La réaction de l'œil à un stimulus externe est une activité, pas une réponse passive. C'est l'activité de la rétine. Lorsque la rétine reçoit une impression pleine de lumière ou quand la blancheur apparaît, elle est pleinement active. Lorsque la lumière est absente ou quand l'obscurité apparaît, la rétine est inactive.

Il y a des gradations de l'intensité ou de la force de l'activité de la rétine, ou dans une réaction à un stimulus externe. L'activité indivise de la rétine est divisée en degrés plus ou moins forts selon qu'elle est stimulée par la lumière pure ou la blancheur. Lorsqu'elle est stimulée par la lumière, les degrés sont les suivants: Lumière - mi-ombre - Obscurité. Lorsqu'elle est stimulée par la blancheur, les degrés sont les suivantes : Blanc - Gris - Noir. C'est ainsi que sont vus les gris. L'intensité ou l'énergie de l'activité de la rétine augmente quand plus de lumière ou de blancheur stimule l’œil. Ces gradations sont rendues possibles par l'intensité de la divisibilité quantitative de l'activité de la rétine.

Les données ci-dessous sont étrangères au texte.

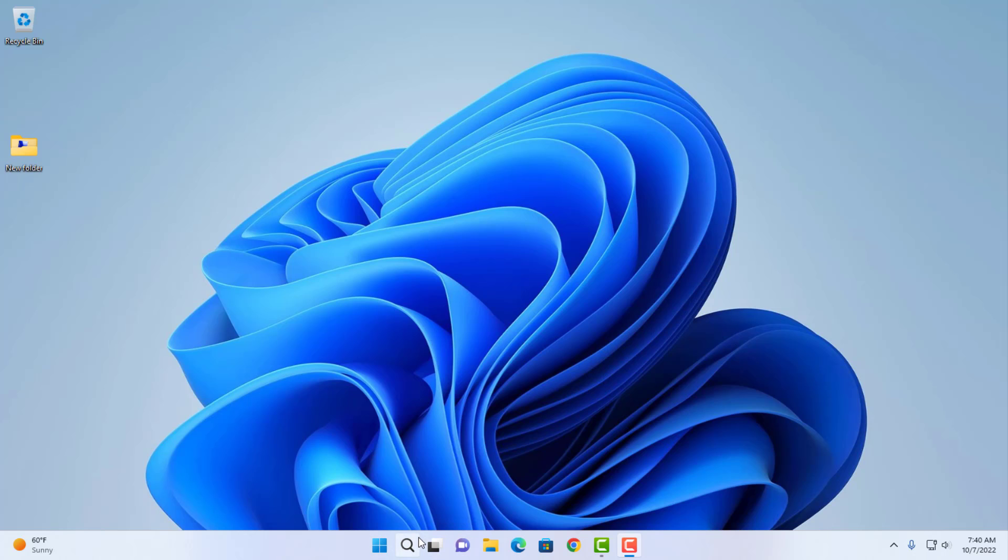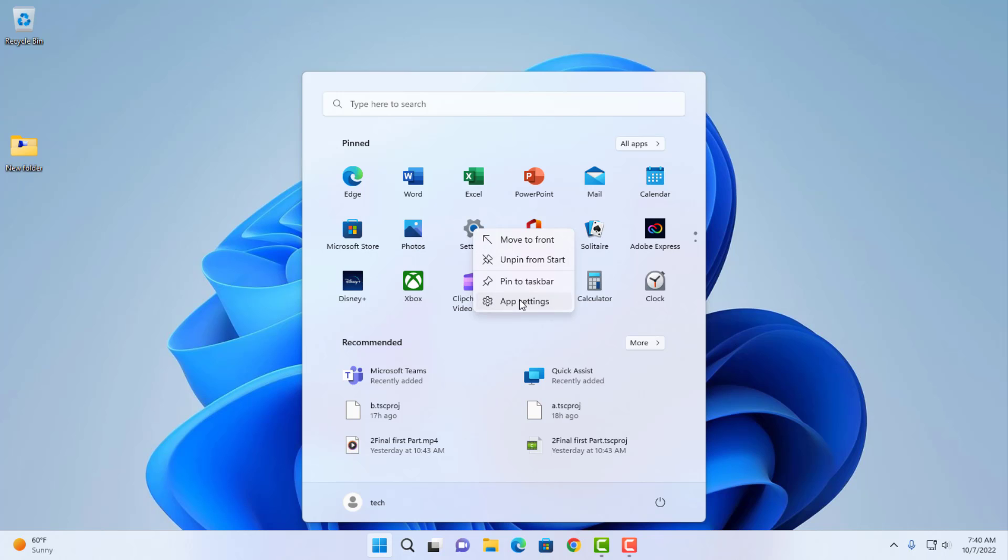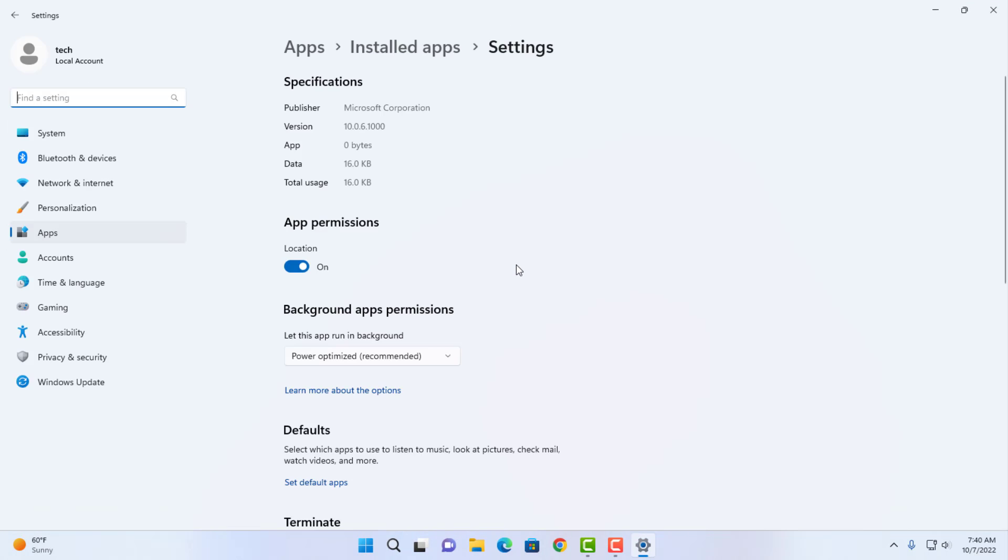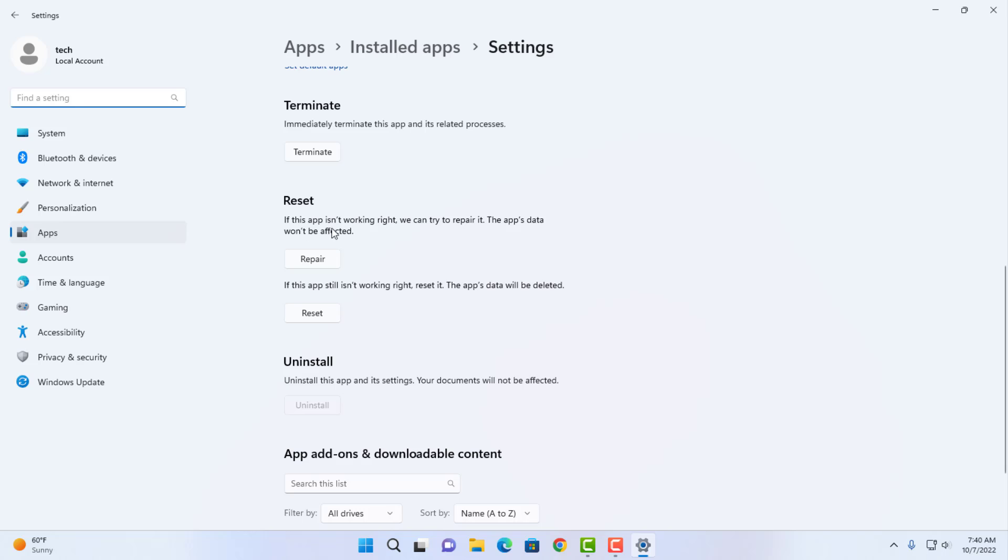To do that, click on the start menu, look for settings and right-click settings, click on app settings, and scroll down until you see reset.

L'activité de la rétine possède aussi une intense divisibilité quantitative. Toute l'étendue de la rétine est divisé en d'innombrables petites taches ou points juxtaposés[11]. Chaque point est individuellement stimulé par la lumière ou la blancheur et réagit séparément. L'œil peut recevoir de nombreuses impressions en une seule fois et donc côte à côte.

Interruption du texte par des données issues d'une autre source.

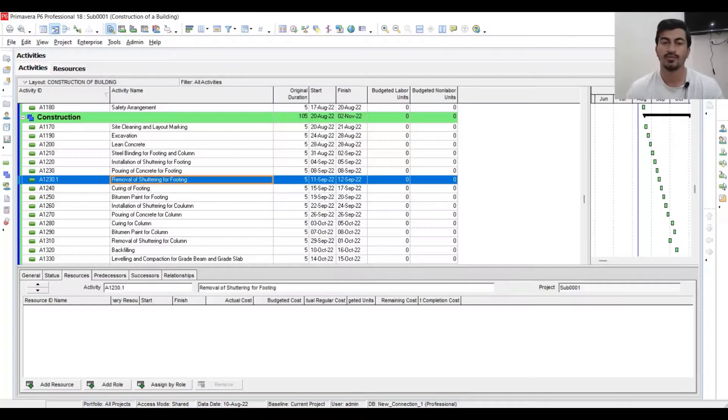What's up guys, this is Sayyad Wasim, planning engineer. In this video we will learn about how to import resources from Excel into P6. In the previous video we analyzed the resources for each activity, and now we want to import these resources into P6.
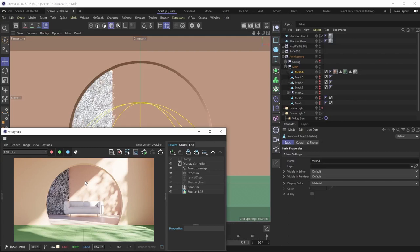Hello everybody and welcome back. In this tutorial we're going to be turning this metal section of the back wall — the section right behind the sofa — into a cool looking rocky surface, and we're going to be doing that with the help of V-Ray displacement.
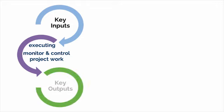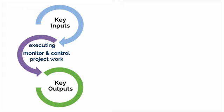Finally, one key output is change requests, because as the project manager gauges project status and progress, sometimes changes are needed and would be submitted via a change request.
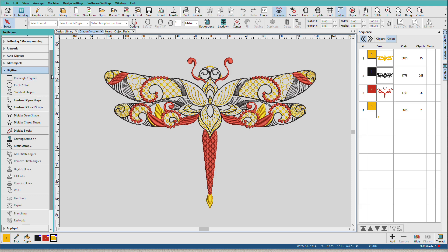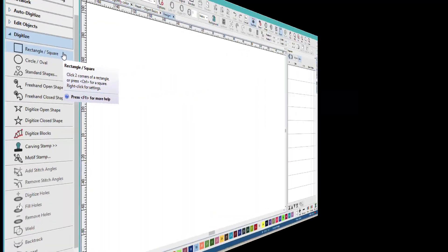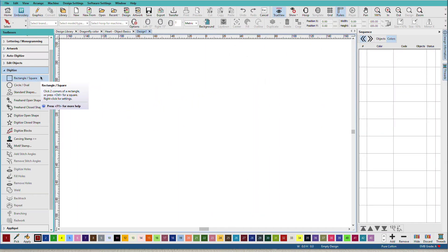So I'll create a new design, Ctrl-N, and let's talk about the tools.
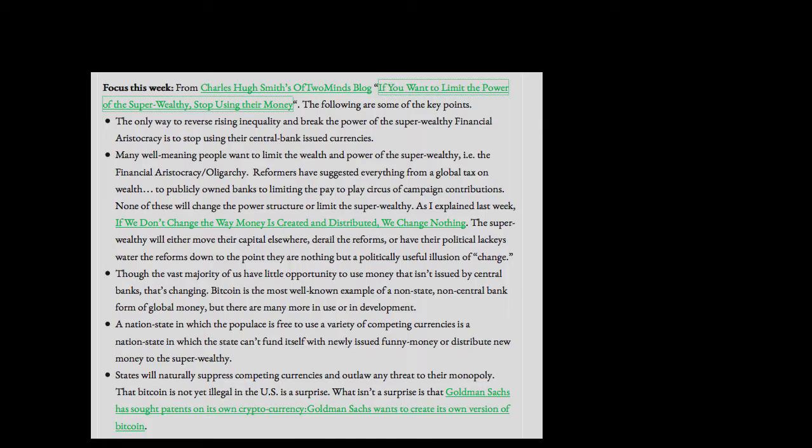Many well-meaning people want to limit the wealth and power of the super wealthy, that is, the financial aristocracy oligarchy. Reformers have suggested everything from a global tax on wealth, to publicly owned banks, to limiting the pay-to-play circus of campaign contributions. None of these will change the power structure or limit the super wealthy. As I explained last week, if we don't change the way money is created and distributed, we change nothing.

La division qualitative de cette activité est complètement différente des deux divisions quantitatives. Elle survient lorsque la couleur est présente à l'œil. Schopenhauer a décrit la manière dont différents points ou des endroits sur la rétine deviennent fatigués d'être stimulés. Après avoir regardé une silhouette noire sur fond blanc, les points hyperactifs et excités de la rétine s'épuisent et ne réagissent pas à la stimulation lorsqu'enfin l’œil se détourne. Une apparition fantomatique d'un fond noir est perçue comme une forme de couleur claire. Les emplacements rétiniens épuisés par la blancheur sont complètement inactifs. Les emplacements rétiniens restés au repos peuvent facilement être stimulés. Ceci explique l'image rémanente (spectre physiologique). Tant Goethe que Schopenhauer utilisent le mot «spectre» [Spektrum], du mot latin «spectre» qui signifie « l'apparence » ou « apparition », pour désigner une image rémanente.

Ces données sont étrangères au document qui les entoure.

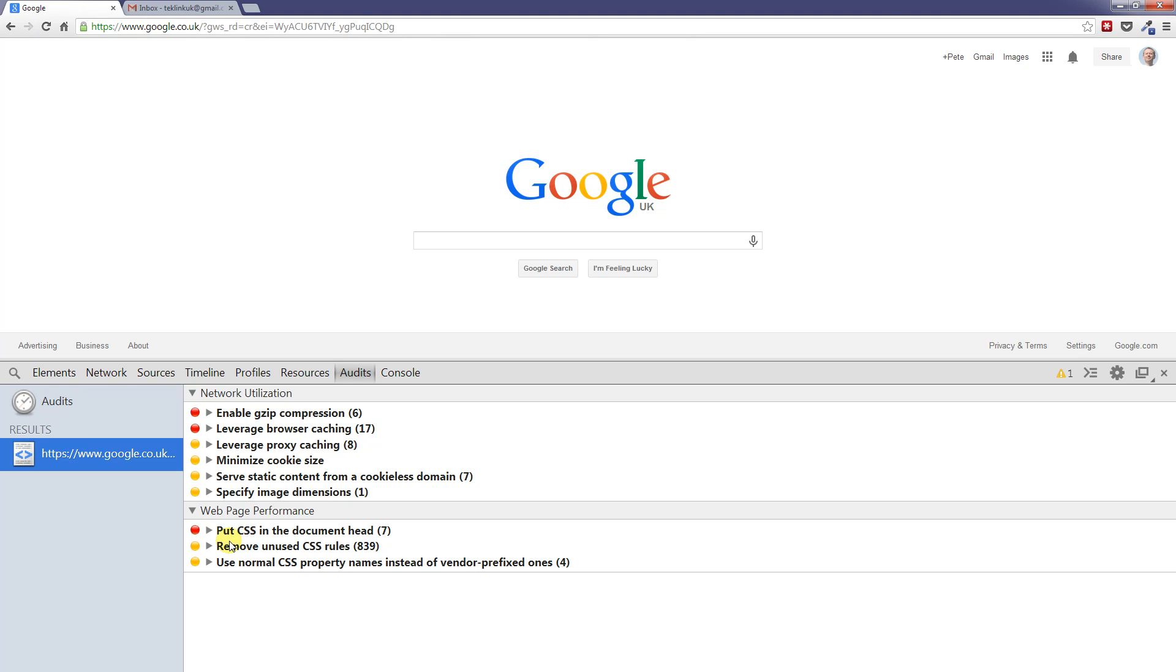But we know actually in reality we don't want to do that because we may have other pages on our website that use those elements. So you've got to take what this audit panel gives you with a pinch of salt and really work out whether it really applies to your web pages.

Si, au lieu de blanc nous fixons du jaune, l'image rémanente (ou spectre de couleurs physiologiques) est violette. Le jaune, à la différence du blanc, ne stimule pas entièrement ni n'épuise l'activité de la rétine. Le jaune stimule partiellement des points sur la rétine et laisse ces points partiellement non stimulés. L'activité de la rétine a été qualitativement divisée et séparée en deux parties. Les parties non stimulées donnent une image rémanente violette. Le jaune et le violet sont compléments l'un de l'autre car ils s'unissent dans la complète activité rétinienne. Le jaune est plus proche du blanc, de sorte qu'il active la rétine plus que le violet qui est plus proche du noir.

Une couleur orange n'est pas aussi proche du blanc. Elle n'active pas la rétine autant que le jaune. Le complètent de l'orange est bleu, qui est beaucoup plus près du blanc que n'est le violet. Une couleur rouge est à mi chemin entre le blanc et le noir. Le complètent du rouge est le vert, qui est aussi à mi-chemin entre le blanc et le noir. Avec le rouge et le vert, l'activité qualitative divisée de la rétine se compose de deux moitiés égales.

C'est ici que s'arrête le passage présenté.